#### Exercise objective:
The lines below starting at the line containing "Individuals or businesses" and ending at the line containing "Let's talk performance" are to be repeated exactly, with both ends kept and nothing else added.

#### Data for the task:
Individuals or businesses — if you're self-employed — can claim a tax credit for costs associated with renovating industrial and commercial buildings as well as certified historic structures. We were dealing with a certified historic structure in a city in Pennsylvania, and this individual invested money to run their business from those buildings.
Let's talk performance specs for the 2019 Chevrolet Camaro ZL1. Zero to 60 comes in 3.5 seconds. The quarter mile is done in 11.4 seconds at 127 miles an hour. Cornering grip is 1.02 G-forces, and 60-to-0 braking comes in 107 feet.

==

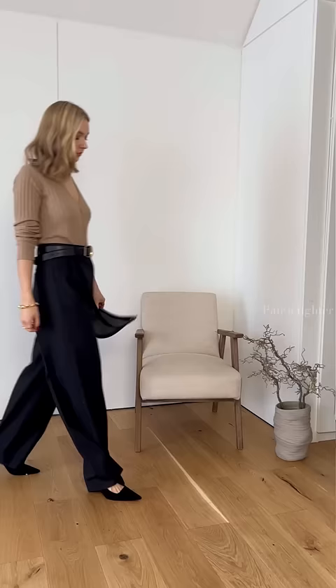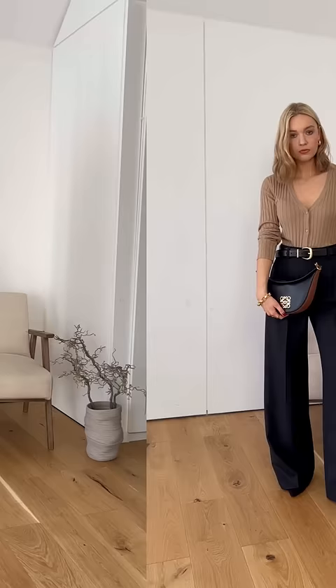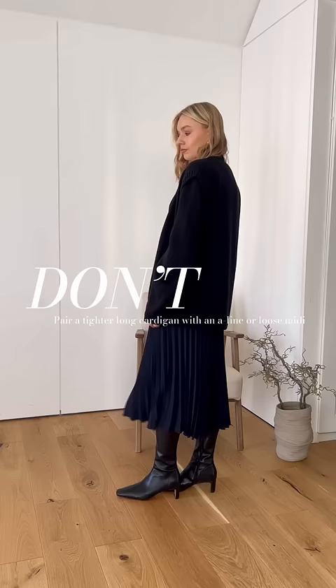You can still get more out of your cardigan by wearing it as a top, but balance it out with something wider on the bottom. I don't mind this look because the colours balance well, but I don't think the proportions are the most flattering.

#### Answer to the exercise:
Individuals or businesses — if you're self-employed — can claim a tax credit for costs associated with renovating industrial and commercial buildings as well as certified historic structures. We were dealing with a certified historic structure in a city in Pennsylvania, and this individual invested money to run their business from those buildings.
Let's talk performance specs for the 2019 Chevrolet Camaro ZL1. Zero to 60 comes in 3.5 seconds. The quarter mile is done in 11.4 seconds at 127 miles an hour. Cornering grip is 1.02 G-forces, and 60-to-0 braking comes in 107 feet.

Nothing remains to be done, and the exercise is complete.